After I realized I didn’t want to work at a fashion magazine, the job became a lot more fun. And frankly, Cape Town is so amazing that I was simply living for the weekends and after 5pm. I hated my job and still had the time of my life. The food was amazing – Cape Town is very multicultural and overflowing with fantastic restaurants. I went dancing and to hear great local music. I went on road trips, checked off a bucket list item when I visited Robben Island, and spent lazy Sunday afternoons at the beach. I became pen pals with a Congolese refugee who worked at a monkey sanctuary. The security guard in my building once cooked my friends and I a traditional Tanzanian feast.

I grabbed morning cappuccinos from the café on the ground floor of my building. A short walk to work took me through a park that featured the art museum, the science museum and a family of baby ducks in a pond. A security guard who stood at the gate would smile at me, every day, and say “Working girl on the go!” I loved feeling like a local, and at 21 years old I loved feeling like a professional.

255

There were difficult things, too, obviously.

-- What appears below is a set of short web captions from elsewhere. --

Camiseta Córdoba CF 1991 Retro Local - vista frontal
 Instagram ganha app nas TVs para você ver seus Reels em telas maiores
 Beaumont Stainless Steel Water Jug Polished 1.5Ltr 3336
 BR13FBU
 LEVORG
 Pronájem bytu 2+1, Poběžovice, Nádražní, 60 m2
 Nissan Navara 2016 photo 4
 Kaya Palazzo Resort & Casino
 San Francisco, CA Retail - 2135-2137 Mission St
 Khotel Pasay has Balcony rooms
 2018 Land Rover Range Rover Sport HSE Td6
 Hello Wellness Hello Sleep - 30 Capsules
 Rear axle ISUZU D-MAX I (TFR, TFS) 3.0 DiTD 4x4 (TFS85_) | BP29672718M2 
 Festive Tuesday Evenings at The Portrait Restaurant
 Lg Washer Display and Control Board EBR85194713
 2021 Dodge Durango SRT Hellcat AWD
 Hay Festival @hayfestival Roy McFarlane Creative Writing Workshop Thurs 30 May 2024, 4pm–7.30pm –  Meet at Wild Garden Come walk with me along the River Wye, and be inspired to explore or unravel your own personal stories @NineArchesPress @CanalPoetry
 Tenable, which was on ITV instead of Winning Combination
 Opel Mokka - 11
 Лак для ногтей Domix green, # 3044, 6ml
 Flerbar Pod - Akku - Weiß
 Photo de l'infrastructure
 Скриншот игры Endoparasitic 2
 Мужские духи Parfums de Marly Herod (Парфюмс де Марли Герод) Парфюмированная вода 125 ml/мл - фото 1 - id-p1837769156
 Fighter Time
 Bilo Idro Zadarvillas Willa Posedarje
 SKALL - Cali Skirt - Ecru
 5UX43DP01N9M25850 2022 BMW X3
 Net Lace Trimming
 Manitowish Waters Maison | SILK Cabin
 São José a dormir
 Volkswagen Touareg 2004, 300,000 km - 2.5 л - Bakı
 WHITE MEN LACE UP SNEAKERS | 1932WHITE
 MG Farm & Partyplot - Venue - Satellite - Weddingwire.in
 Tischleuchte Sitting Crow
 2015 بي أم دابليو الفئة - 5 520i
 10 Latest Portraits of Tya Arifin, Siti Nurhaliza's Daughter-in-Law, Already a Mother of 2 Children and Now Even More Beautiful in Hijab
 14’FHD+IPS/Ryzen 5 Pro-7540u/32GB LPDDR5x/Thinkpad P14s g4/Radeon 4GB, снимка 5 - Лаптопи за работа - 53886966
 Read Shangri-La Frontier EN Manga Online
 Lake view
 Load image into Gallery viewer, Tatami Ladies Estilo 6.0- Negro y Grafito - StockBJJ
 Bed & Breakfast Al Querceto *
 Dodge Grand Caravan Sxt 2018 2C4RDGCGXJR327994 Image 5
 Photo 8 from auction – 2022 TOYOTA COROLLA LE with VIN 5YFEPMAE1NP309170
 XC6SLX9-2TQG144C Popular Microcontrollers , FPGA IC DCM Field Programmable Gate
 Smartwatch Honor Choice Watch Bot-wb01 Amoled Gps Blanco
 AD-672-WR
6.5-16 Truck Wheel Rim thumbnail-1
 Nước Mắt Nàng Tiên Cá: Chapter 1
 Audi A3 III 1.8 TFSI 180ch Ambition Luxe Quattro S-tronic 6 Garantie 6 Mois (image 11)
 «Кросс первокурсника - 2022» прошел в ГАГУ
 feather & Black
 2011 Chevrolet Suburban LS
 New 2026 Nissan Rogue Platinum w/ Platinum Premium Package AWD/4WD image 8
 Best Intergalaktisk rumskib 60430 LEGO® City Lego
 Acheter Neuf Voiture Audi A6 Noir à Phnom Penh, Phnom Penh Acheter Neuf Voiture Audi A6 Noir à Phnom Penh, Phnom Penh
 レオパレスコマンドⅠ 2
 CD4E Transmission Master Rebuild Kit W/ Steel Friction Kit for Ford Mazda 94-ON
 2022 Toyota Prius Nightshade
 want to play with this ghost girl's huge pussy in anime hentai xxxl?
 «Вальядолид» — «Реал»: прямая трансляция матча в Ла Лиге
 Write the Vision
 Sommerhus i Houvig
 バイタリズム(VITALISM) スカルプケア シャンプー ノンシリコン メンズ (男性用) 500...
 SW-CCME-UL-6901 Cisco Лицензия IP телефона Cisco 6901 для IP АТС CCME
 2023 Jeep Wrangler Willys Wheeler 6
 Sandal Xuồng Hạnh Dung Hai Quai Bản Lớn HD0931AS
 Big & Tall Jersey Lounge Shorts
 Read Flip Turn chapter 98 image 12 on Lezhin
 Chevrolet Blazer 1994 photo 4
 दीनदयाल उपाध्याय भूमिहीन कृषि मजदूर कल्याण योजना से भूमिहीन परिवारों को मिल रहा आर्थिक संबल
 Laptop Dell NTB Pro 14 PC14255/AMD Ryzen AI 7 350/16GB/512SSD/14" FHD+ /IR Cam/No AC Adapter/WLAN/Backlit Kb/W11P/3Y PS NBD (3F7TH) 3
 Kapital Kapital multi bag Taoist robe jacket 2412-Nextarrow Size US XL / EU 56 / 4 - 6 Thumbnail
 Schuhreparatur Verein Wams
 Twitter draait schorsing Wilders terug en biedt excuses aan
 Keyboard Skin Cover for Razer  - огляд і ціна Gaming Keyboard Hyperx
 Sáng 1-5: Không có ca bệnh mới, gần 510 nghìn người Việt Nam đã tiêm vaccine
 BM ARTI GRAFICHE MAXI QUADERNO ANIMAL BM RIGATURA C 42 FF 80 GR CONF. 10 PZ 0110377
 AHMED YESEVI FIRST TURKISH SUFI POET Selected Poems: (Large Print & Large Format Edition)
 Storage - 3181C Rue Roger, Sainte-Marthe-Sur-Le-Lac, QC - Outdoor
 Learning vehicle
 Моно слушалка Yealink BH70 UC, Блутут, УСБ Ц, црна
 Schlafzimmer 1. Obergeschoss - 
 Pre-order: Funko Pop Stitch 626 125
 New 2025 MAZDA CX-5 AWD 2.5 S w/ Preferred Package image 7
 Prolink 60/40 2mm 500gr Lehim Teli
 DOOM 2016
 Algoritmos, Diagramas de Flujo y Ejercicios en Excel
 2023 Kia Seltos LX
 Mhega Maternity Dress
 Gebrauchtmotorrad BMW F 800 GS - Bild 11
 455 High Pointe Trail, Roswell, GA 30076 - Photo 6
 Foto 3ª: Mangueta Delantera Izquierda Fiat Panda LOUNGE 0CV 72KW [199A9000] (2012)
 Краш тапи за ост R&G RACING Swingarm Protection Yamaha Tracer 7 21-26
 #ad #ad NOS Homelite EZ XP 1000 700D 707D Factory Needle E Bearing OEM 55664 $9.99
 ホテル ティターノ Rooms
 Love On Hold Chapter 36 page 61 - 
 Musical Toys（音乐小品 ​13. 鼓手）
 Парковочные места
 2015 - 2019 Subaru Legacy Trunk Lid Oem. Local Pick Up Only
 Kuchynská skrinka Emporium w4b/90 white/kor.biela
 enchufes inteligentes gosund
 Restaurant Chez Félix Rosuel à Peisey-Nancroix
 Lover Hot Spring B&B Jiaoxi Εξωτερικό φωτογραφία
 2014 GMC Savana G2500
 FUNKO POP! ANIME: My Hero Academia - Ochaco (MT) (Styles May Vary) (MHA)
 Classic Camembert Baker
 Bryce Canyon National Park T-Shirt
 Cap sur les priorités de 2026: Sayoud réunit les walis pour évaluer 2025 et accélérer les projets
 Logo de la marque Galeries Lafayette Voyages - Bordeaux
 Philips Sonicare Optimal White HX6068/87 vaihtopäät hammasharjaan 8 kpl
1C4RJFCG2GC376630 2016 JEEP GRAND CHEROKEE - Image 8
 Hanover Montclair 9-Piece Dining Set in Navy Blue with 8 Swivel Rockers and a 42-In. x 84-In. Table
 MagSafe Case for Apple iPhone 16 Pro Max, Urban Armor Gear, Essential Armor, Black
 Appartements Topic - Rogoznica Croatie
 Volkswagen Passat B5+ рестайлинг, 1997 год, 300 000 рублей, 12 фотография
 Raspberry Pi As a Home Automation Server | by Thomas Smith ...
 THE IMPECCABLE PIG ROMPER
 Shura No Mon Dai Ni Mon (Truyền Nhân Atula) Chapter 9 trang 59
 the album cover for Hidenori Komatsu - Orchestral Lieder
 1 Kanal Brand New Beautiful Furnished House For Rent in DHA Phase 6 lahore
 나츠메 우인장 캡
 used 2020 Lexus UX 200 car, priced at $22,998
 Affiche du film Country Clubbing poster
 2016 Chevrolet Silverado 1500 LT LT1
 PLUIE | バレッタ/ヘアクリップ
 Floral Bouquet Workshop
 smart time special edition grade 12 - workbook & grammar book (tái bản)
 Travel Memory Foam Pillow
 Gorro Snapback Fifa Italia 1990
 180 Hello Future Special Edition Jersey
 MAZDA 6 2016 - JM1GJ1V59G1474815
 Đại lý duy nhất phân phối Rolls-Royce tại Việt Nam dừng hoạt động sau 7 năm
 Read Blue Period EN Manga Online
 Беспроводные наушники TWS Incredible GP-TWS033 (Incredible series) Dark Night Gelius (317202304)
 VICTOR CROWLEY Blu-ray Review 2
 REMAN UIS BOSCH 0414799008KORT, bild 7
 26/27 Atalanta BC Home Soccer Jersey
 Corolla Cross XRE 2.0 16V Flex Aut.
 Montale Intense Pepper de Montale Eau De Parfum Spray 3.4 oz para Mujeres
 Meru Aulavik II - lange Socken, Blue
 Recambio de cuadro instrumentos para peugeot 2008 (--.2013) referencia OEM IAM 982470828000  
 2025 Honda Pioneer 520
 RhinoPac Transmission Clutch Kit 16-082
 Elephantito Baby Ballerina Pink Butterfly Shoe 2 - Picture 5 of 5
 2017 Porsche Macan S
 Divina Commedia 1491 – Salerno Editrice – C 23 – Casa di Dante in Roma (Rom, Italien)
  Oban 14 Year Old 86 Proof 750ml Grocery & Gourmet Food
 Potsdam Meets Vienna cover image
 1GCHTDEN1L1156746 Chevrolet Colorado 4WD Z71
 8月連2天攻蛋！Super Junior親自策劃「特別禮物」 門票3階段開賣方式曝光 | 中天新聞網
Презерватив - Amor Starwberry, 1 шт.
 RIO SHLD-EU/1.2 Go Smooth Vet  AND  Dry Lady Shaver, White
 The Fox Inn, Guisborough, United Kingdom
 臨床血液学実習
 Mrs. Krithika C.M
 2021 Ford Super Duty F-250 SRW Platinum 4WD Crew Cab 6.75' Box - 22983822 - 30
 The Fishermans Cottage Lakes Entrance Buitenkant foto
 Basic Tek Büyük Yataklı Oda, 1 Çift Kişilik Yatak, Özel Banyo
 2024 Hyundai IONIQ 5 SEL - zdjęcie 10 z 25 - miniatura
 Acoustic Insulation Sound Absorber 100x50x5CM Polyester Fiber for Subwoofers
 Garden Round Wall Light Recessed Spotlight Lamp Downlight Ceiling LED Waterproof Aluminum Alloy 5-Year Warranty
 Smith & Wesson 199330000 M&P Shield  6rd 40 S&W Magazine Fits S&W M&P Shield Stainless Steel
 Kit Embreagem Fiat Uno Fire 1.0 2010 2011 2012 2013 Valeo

I knew some people who were mugged (though I always felt as safe as I would in New York, or any other big city where you might want to make sure your purse is zipped up) and it was always best to take a cab after dark. I visited Khayelitsha, an impoverished township of mostly shacks, and I met a family in Simon’s Town who’d had their land stolen during apartheid. Every time I left a bar at night, I’d buy two chicken shawarmas from a street car – one for me and one for a kid. Long Street – famous for bars and restaurants – was full of little kids, anywhere from 6 to 10 years old, out by themselves after midnight begging for money. It was heartbreaking.

256

All of it, though – the good and the bad – made it the experience of a lifetime. When else can you take a month (or more) of your life and get an unpaid job in a foreign country? It’s an amazing luxury that is usually exclusive to your early twenties. I’m so glad I did it.